2. Be in control. I felt that key to Sam's success was the certainty that he is in control of what he does, and he will not be dictated to by anyone. If someone wants a piece of his work, then they let him do it - no quibbling about details. He is the artist, it is his work, and if a customer doesn't like his work then they shouldn't come to him. Again, I felt that he is an iron fist in a velvet glove - he is absolutely sure of himself, and doesn't need to project anything. 

3. Work hard. Like I said, Sam is prolific, and has become successful through hard work. He still spends 6 days a week in the workshop, but it is no burden to him - it is his home. 

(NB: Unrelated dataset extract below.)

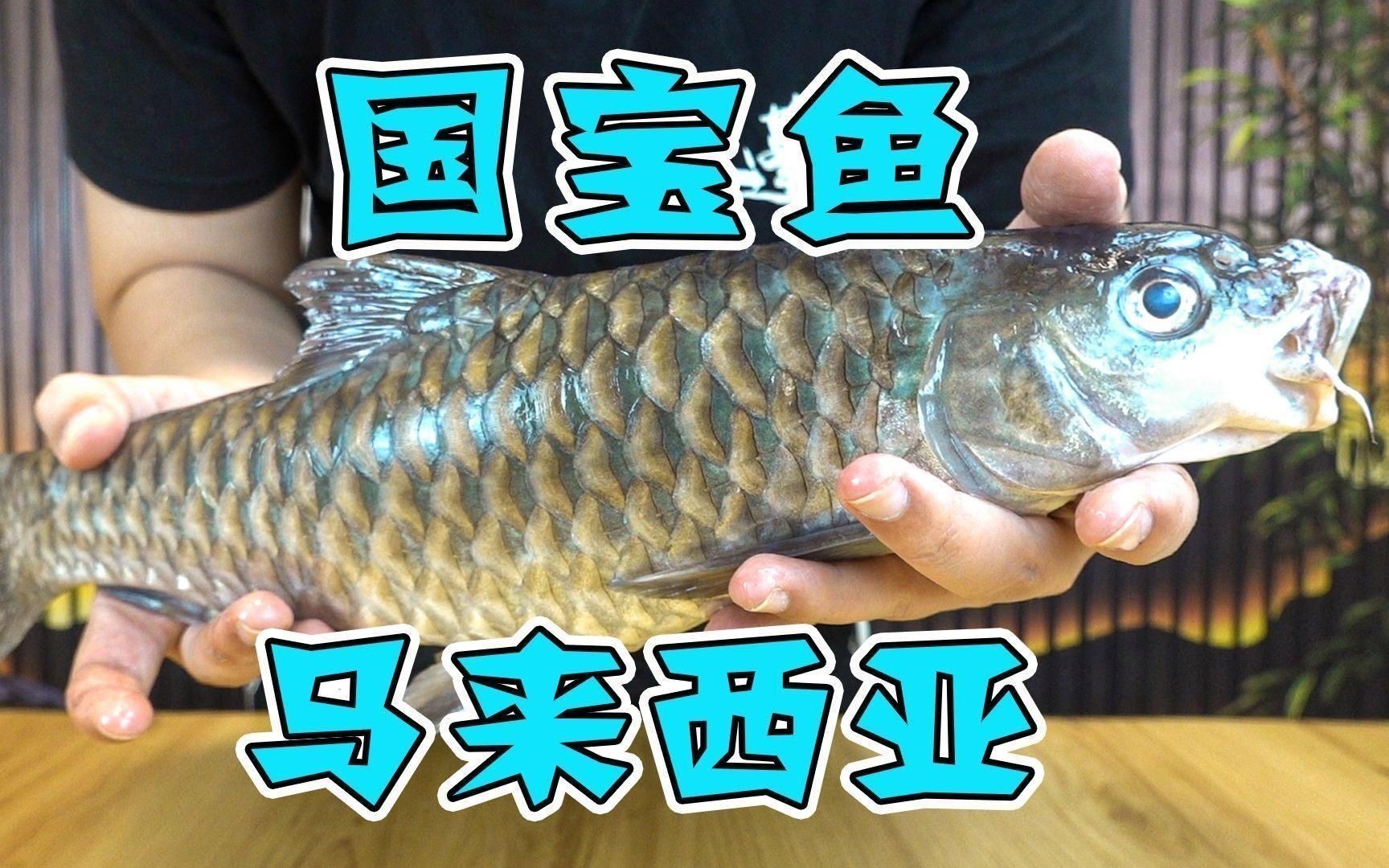 馬來西亞忘不了魚多少錢一斤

4. Be kind. Lastly and most importantly, I learned that being generous and hospitable to others is a transformative experience. At the end of the day, that is why Sam has a 6-8 year waiting list - because people love him, and not without reason. As my experience with Sam shows, being kind to others is just a great way to be. So Sam is kind, and has received kindness in return, from most of the people he has met and worked for. I couldn't believe that he has never had a bad experience with his clients - everyone has paid, no-one has ever sent a piece back. And you could say that this is down to luck, but I think that Sam has received what he gives. 

I think that I could best sum Sam up by saying that he doesn't try to be or do anything, he just is who he is and does what he does.